‘Laughing just to keep from crying’ – Rory Gallagher, “Bullfrog Blues”.
I was dressed as Captain America all day yesterday. After some pre-gaming at my house, some friends and I went to a house party. They had savory croissants with meat, lettuce and cheese. I ate five of them and no one even noticed. I danced through the house to Rock Lobster by the B52’s. We bar hopped the rest of the night, until closing.
Today I watched the documentary Maidentrip about Laura Dekker who was the youngest person to sail solo around the world. Her story is very inspiring. Strong, independent, and a complete badass. That’s the kind of person I want to become. She went through some things I can relate to.
Although my own transformation is still in progress, I feel like I’ve made a lot of progress in the last eleven months.
I try to stack up all of the baller things I’ve accomplished: living and working in America; driving my dream car; adventuring; and travelling (even as far as Costa Rica in eighteen days!). Playing soccer and trying to stay in shape. Partying with friends until the bars close. Dancing. I’ve got it together. I can manage the things that need tending to. I handle those responsibilities one at a time, shutting everything else down while I tackle a particular problem.
A feeling has been creeping up on me. I’m not homesick because I don’t miss Australia. I’m in a kind of fight or flight mode. Just when I think I’m okay, and swimming along, something will happen that threatens to pull me under. Usually money problems, like an unexpected bill. I impulse buy Nutella one time, and spend weeks fighting the resulting breakout. I notice how small my arm muscles have become. I’m treating these little frustrations as emergencies.
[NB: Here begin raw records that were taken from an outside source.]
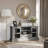 Ronneka TV Stand for TVs up to 70"-684749258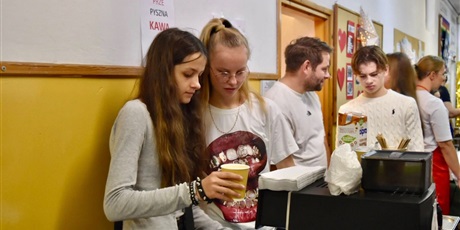 Powiększ grafikę: ŚWIĄTECZNY FESTYN RODZINNY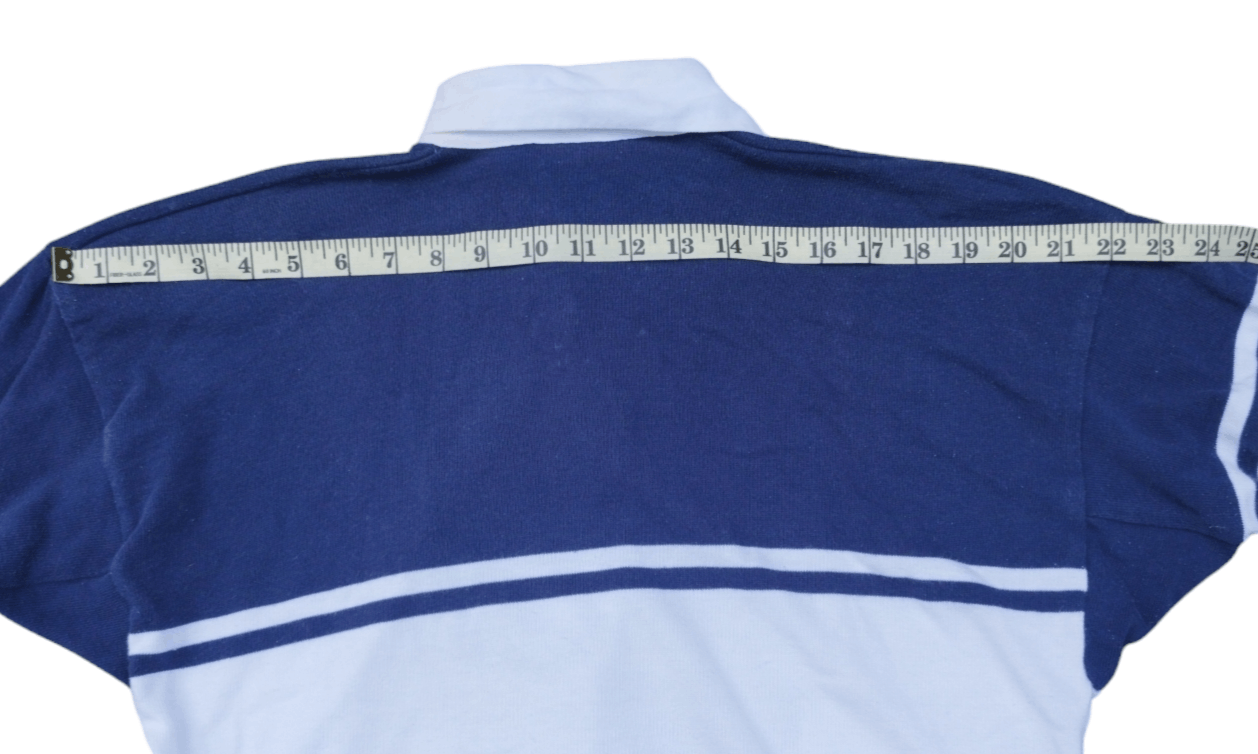 Canterbury of New Zealand × Vintage Vintage canterbury of new zealand polo shirt Size US M / EU 48-50 / 2 - 7 Thumbnail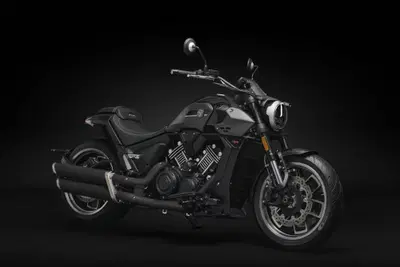 Morbidelli C1002V (2024 - 26) nuova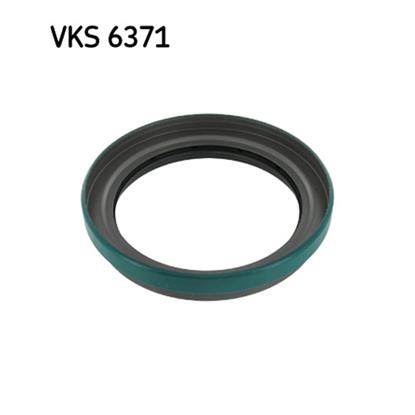SKF Shaft Seal, wheel bearing VKS 6371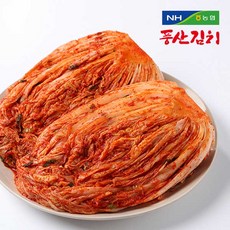 농협풍산김치 생각보다 더 좋은 제품 – Top5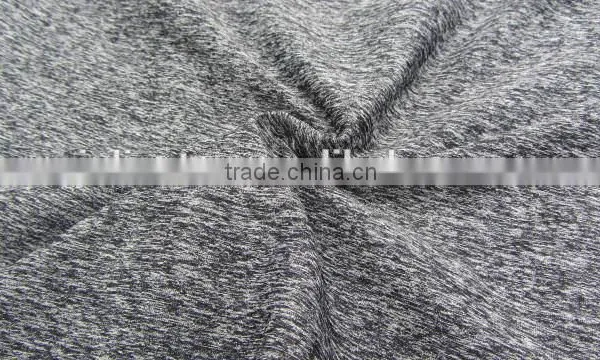Terylene Polyester Nylon Mix Yarn TN Lycra Spandex Swimwear Fabrics Wholesale photo-4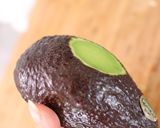 ざくざくナッツのアボマヨココット作り方4写真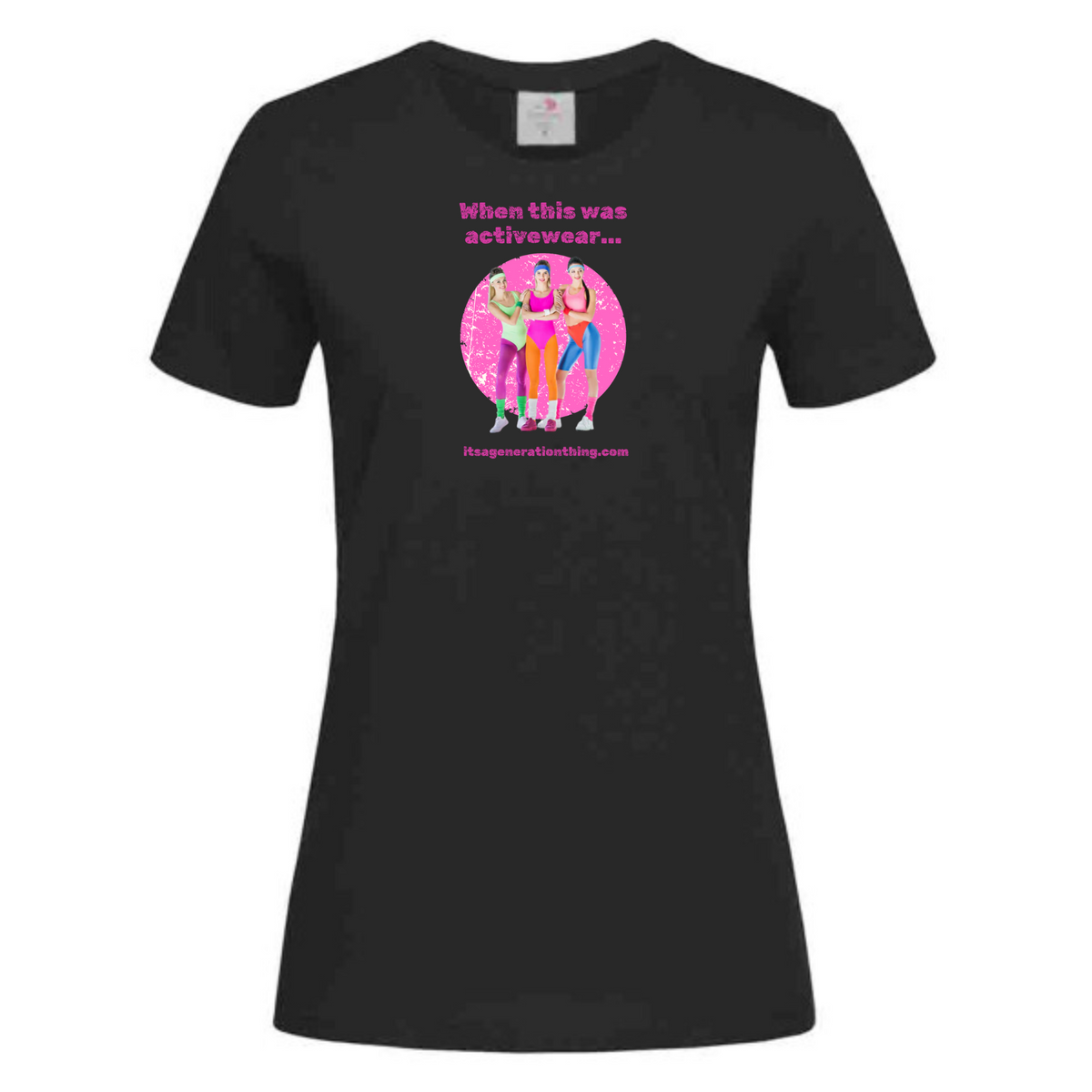 ACTIVEWEAR DESIGN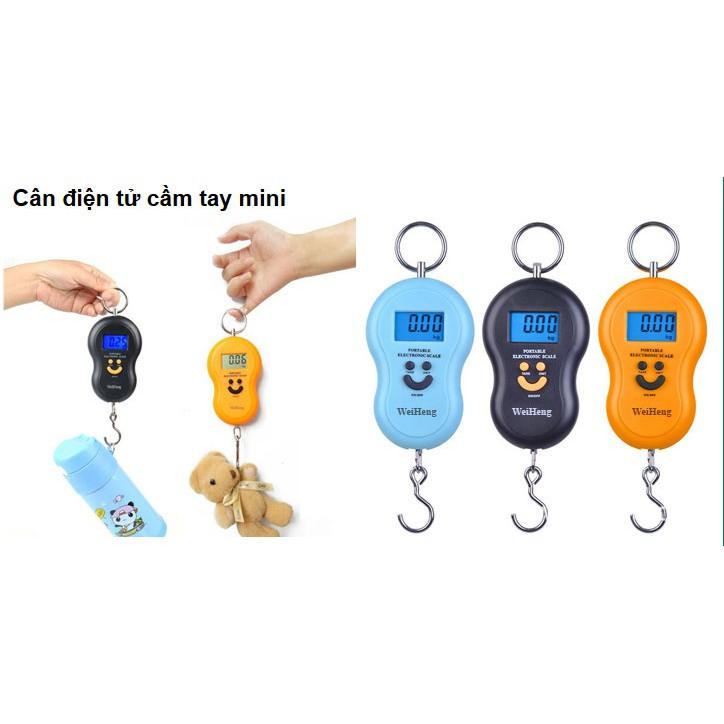 CÂN CẦM TAY MINI 50KG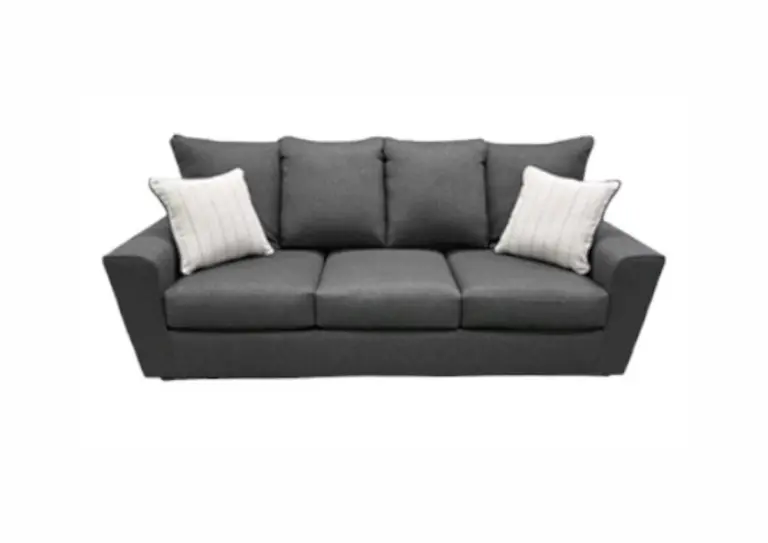 STAIRATT 6 SEATER FABRIC SOFA SET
I think it might be a while until I’m no longer in that state of mind. In the meantime, I’m trying to minimize disruptions to the fragile stability I have.
Sometimes it’s tricky to see the big picture of what I’m doing, and what I’m about. I know I’m headed for greatness, and while I might not have a nautical charts to guide me, I have enough confidence to keep moving, even when the wind isn’t with me.